Neanche con un uomo in più l’Italia, completamente drenata di energie psicofisiche, riesce a evitare di arrivare ai calci di rigore. Per la prima volta nella storia l’Italia si gioca un passaggio del turno ai rigori, e come sappiamo non sarà l’ultima.

Nei minuti precedenti Vicini è preoccupatissimo, non riesce ad arrivare a 5 rigoristi. Giannini era rigorista, ma è già uscito, Schillaci si è infortunato durante i supplementari e quindi non se la sente di calciare. Curiosamente i primi due a calciare per l’Italia sono Baresi e Baggio, che segnano entrambi come non faranno poi nella finale del 1994. L’Argentina risponde rete su rete e sul 3-3 si presenta Donadoni, a cui però Goycochea para in tuffo alla sua sinistra. Per andare in vantaggio si presenta sul dischetto Maradona. Cinque passi partendo leggermente dentro l’area, guardando solo la palla calcia alla destra del portiere come aveva fatto, sbagliando, contro la Jugoslavia nel turno precedente. Il tiro è rasoterra e secco, Zenga è spiazzato. La corsa di Maradona a pugni serrati e braccia aperte fino alla panchina è una delle fotografie della partita che poi si rivedranno. Più che felice sembra liberatosi di un peso. Peso che ha passato sulle spalle di Aldo Serena, che soverchiato dagli eventi calcia piano e a mezz’altezza alla sinistra di Goycochea, l’eroe della partita.
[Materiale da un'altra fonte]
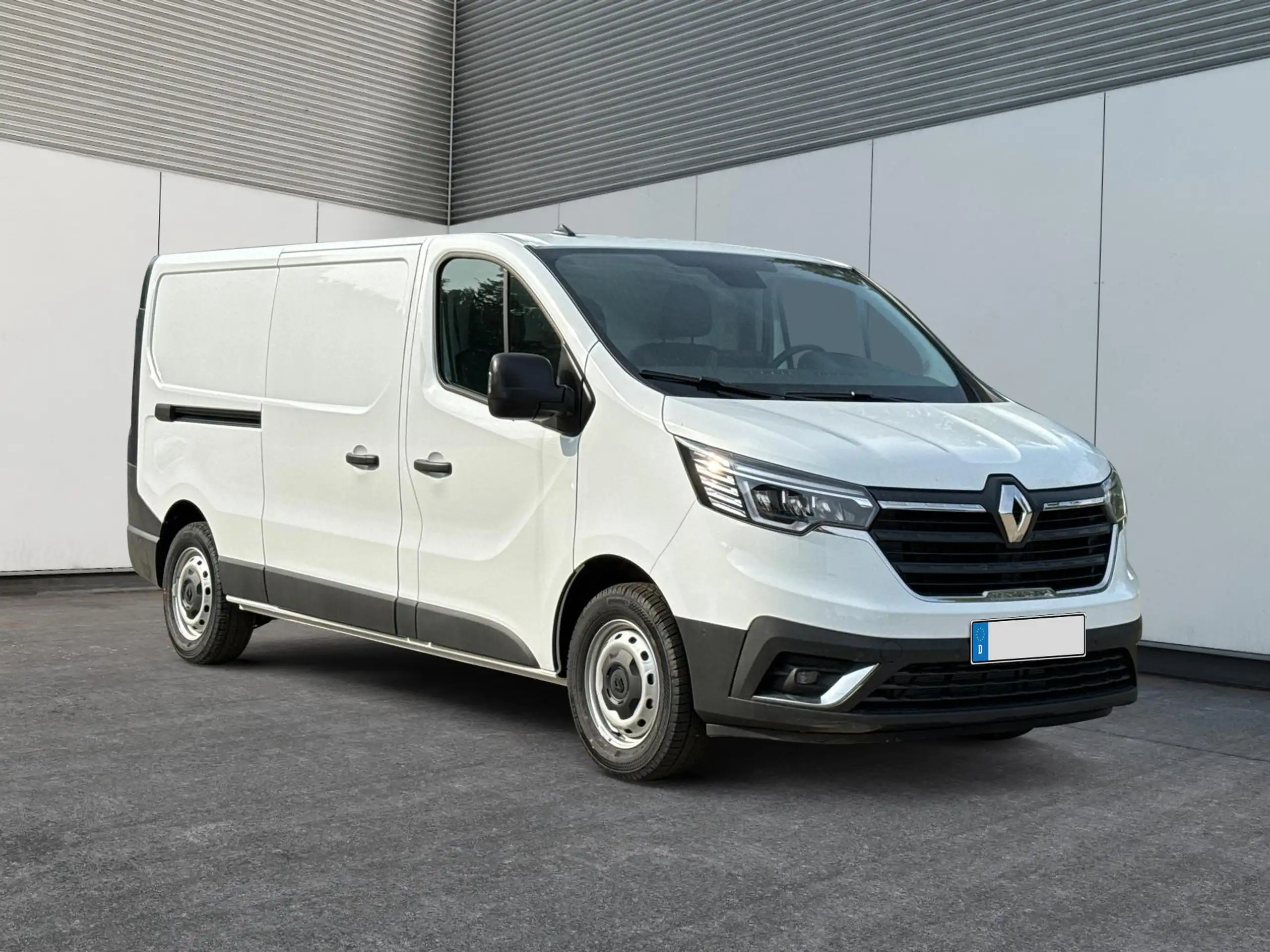 Renault Trafic 2024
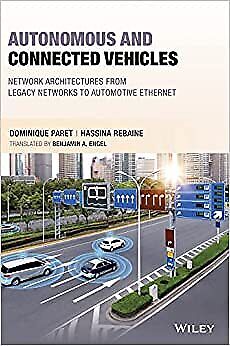 Autonomous and Connected Vehicles: Network Architectures from Legacy Networks…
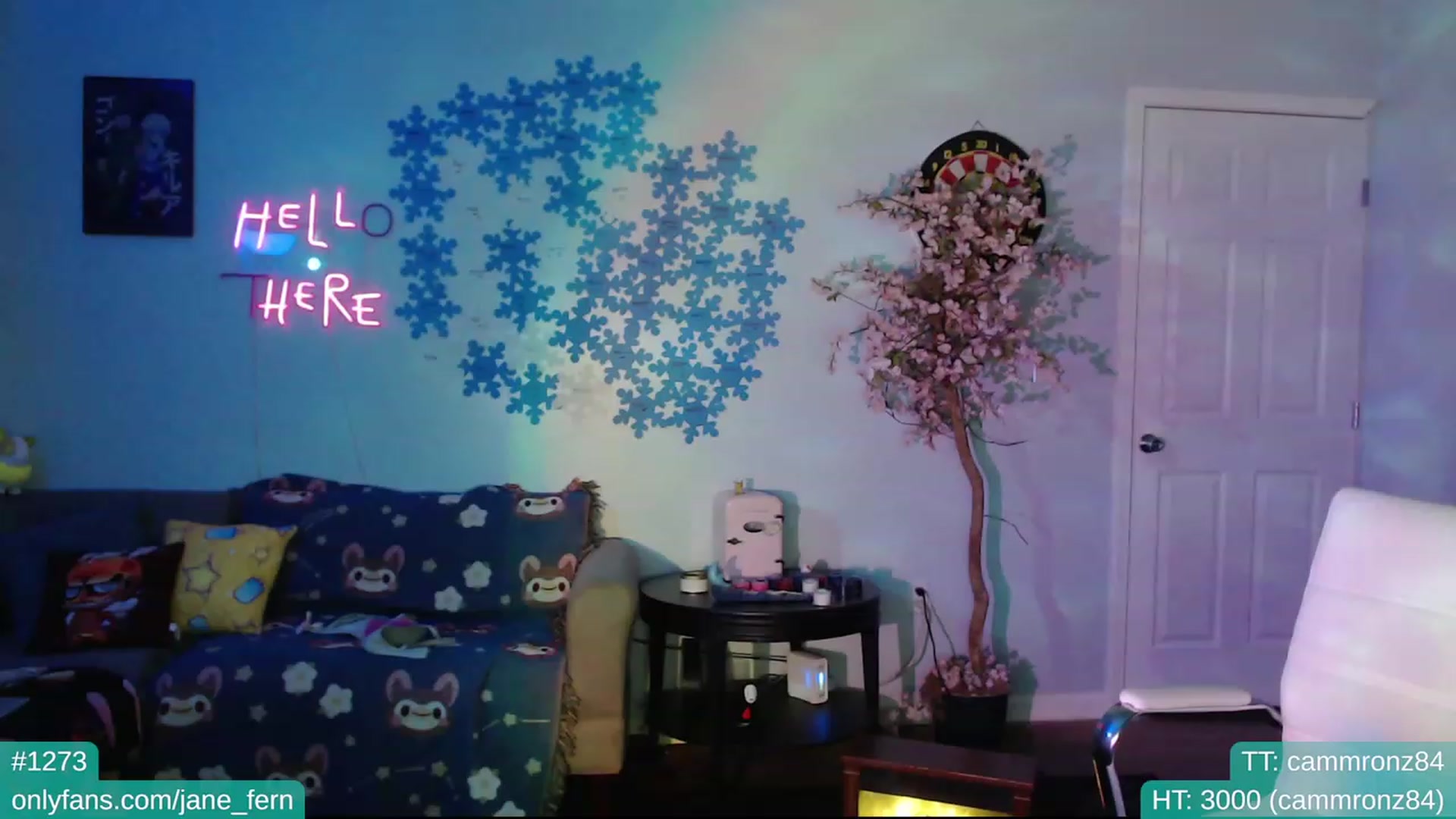 Gallery image thumbnail from Jane_Fern's myfreecams stream on, 01/12/2023, 01:21 image 1 of 20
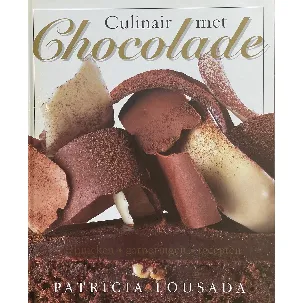 Afbeelding van Culinair met chocolade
Bruno Pizzul chiosa: «L’Argentina è finalista in Coppa del Mondo, sono immagini che non avremmo mai voluto commentare». Al resto ci penseranno i milioni di tifosi delusi a casa e i giornalisti nei giorni successivi, ma pur con una partita ancora da giocare la marcia trionfale dell’Italia si è interrotta. Gianni Rocca sulla Repubblica: «L’ Italia ’90, almeno per noi, chiude i battenti, ché il terzo o quarto posto che giocheremo a Bari poco o nulla aggiungerà, se non ulteriore amarezza per l' occasione perduta. Torneremo al nostro abituale tran tran, chi può, partirà subito per le ferie: le tribune dei vip rimarranno semi-deserte: Andreotti e Spadolini non avranno più scuse per marinare Palazzo Chigi e Palazzo Madama. Resteremo con i problemi che in questi giorni avevamo dimenticato: lo scontro sul salario, il debito pubblico, i cobas, la sanità a pezzi». Un quadro di un’Italia ancora attuale.
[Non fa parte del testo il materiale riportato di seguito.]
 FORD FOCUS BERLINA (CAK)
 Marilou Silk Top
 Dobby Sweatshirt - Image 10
È tempo di trovare i colpevoli, in casa e fuori. I tifosi del San Paolo improvvisamente vengono additati a tifosi di Maradona più che dell’Italia. Zenga e Vialli sono i due giocatori più bersagliati. Maradona è quello che si prende la frustrazione per tutta l’Argentina finalista. Napoli nella maggior parte forse l’ha perdonato subito, l’altra parte ci metterà poche settimane, il resto d’Italia no. Due giorni dopo la partita Maradona scatena un accenno di rissa con dei carabinieri venuti a rendere conto del fratello Raul fermato alla guida della sua Ferrari, ci vuole l’intervento di Bilardo per calmare le acque. Il giorno dopo la bandiera argentina posta attaccata accanto a quella dell’Italia e di Roma nel centro di allenamento di Trigoria, dove sta in ritiro l’Argentina, viene trovata strappata dal palo. Maradona si sente ferito e tradito.

Il giorno della finale, in un Olimpico pieno, prima timidamente e poi con grande forza, si sentono arrivare i fischi a coprire l’inno nazionale argentino. Maradona attende che la telecamera lo inquadri e solo allora lascia andare a denti stretti un «Hijos de puta» in mondovisione. Da questo istante la sua carriera in Italia ha i giorni contati.